Due to the evolution of early-modern Western culture, Italy has become a symbol of such a phenomenon, a site where the question of cultural identity is powerfully presented to all those who wish to explore it, especially foreigners. A critical alignment with the Italian experience clearly affords a special understanding of delicate and relevant issues for our globalized modernity.
Given Italy’s real and symbolic historical wealth and cultural distinctiveness, the country has been and continues to be a fertile ground of innovation for many sciences and industries, and an inspirational source for artistic, cultural, and civic movements. This effect, which could be termed the Italian Experience, carries a significant educational potential: it is fluid and universal and, as such, it welcomes us into a cosmopolitan community where it is possible to rediscover oneself.
Italy speaks to two inextricable needs of today’s humanity: a) for global identity and social and intellectual development and, at the same time, b) for the acknowledgment and maturation of local and subjective identities. The affirmation of local identities through what makes them unique brings into focus the more universal aspects of humanity and nature. The whole Italian humanistic tradition offers seminal examples of universality and interdisciplinarity.

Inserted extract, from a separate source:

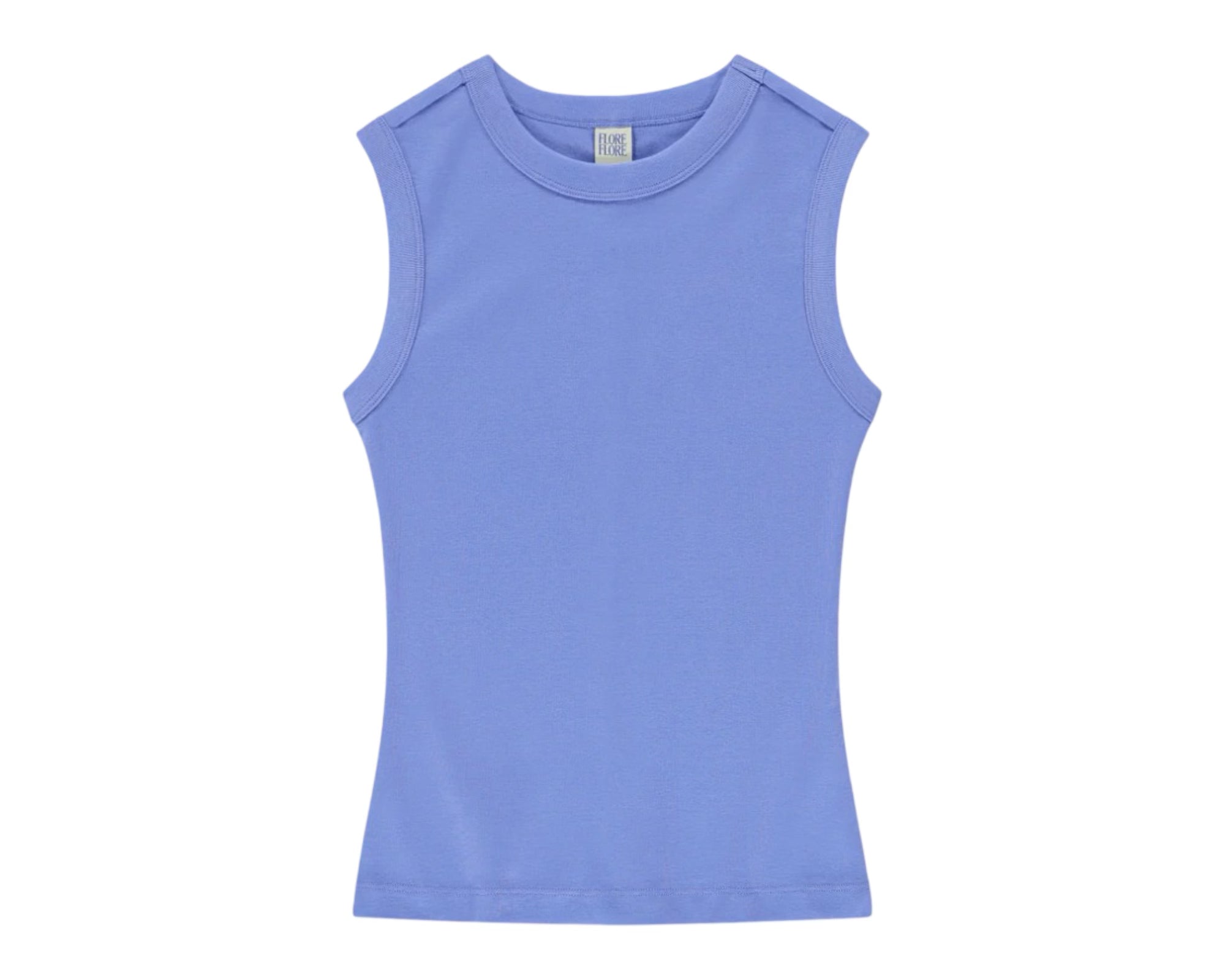 Blue Esmé Tank Top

Italy, with its multilayered human and natural landscape, embodies powerful aesthetic experiences that are nurtured by memory and by a vivid sense of place and community, offering manifold beginnings to individual paths to knowledge. A focus on the sensorial, aesthetic experience transforms both learning and teaching; it allows for an authentic development of the student’s ability to connect with the object of their discipline and to become aware of the interconnectedness of multiple disciplines. Guided by the unifying power of their experience, students and faculty can embark on their own transformative path of knowledge and continue it in an open-ended pursuit of truth and human growth.